Zhang Ruoyu, Atwal Gurinder S, Lim Wei Keat
Regeneron Pharmaceuticals, Tarrytown, NY 10591, USA.
Patterns (N Y). 2021 Feb 15;2(3):100211. doi: 10.1016/j.patter.2021.100211. eCollection 2021 Mar 12.
With the rapid advancement of single-cell RNA-sequencing (scRNA-seq) technology, many data-preprocessing methods have been proposed to address numerous systematic errors and technical variabilities inherent in this technology. While these methods have been demonstrated to be effective in recovering individual gene expression, the suitability to the inference of gene-gene associations and subsequent gene network reconstruction have not been systemically investigated. In this study, we benchmarked five representative scRNA-seq normalization/imputation methods on Human Cell Atlas bone marrow data with respect to their impacts on inferred gene-gene associations. Our results suggested that a considerable amount of spurious correlations was introduced during the data-preprocessing steps due to oversmoothing of the raw data. We proposed a model-agnostic noise-regularization method that can effectively eliminate the correlation artifacts. The noise-regularized gene-gene correlations were further used to reconstruct a gene co-expression network and successfully revealed several known immune cell modules.

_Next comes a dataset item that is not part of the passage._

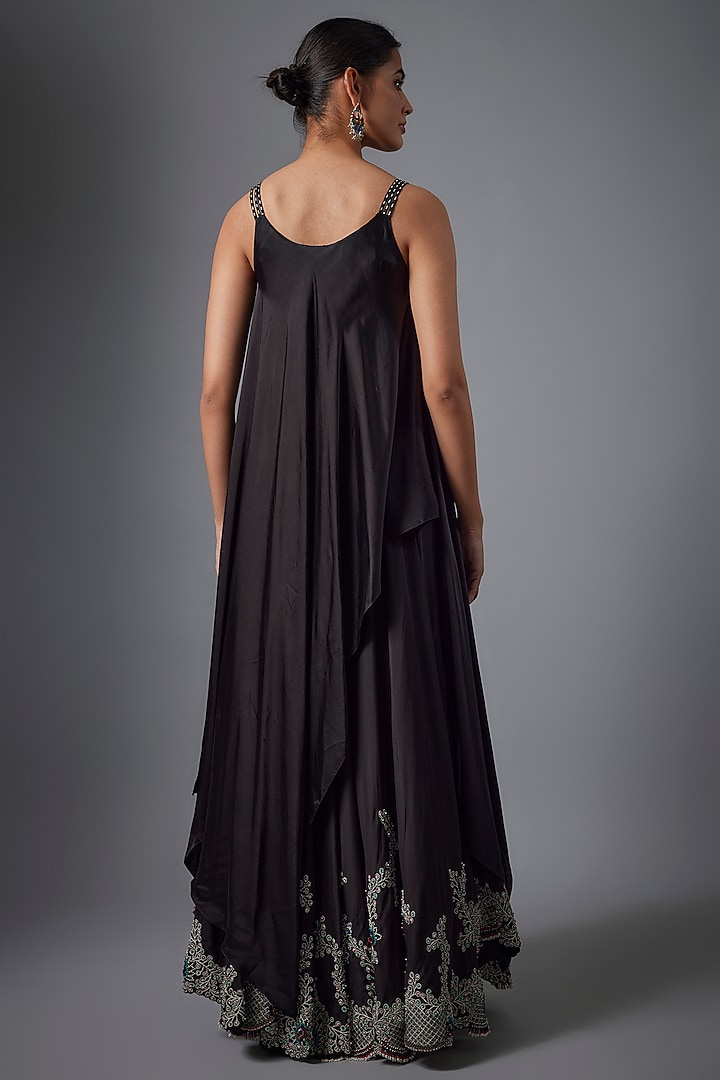 Black Silk Hand Embroidered Bridal Sharara Set by Nupur Kanoi at Pernia's Pop Up Shop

随着单细胞RNA测序(scRNA-seq)技术的迅速发展,人们提出了许多数据预处理方法来解决该技术中固有的大量系统误差和技术变异性。虽然这些方法已被证明在恢复个体基因表达方面是有效的,但它们对基因-基因关联推断和后续基因网络重建的适用性尚未得到系统研究。在本研究中,我们针对五种具有代表性的scRNA-seq标准化/插补方法对人类细胞图谱骨髓数据推断基因-基因关联的影响进行了基准测试。我们的结果表明,由于原始数据过度平滑,在数据预处理步骤中引入了大量虚假相关性。我们提出了一种模型无关的噪声正则化方法,该方法可以有效消除相关性伪影。经噪声正则化的基因-基因相关性被进一步用于重建基因共表达网络,并成功揭示了几个已知的免疫细胞模块。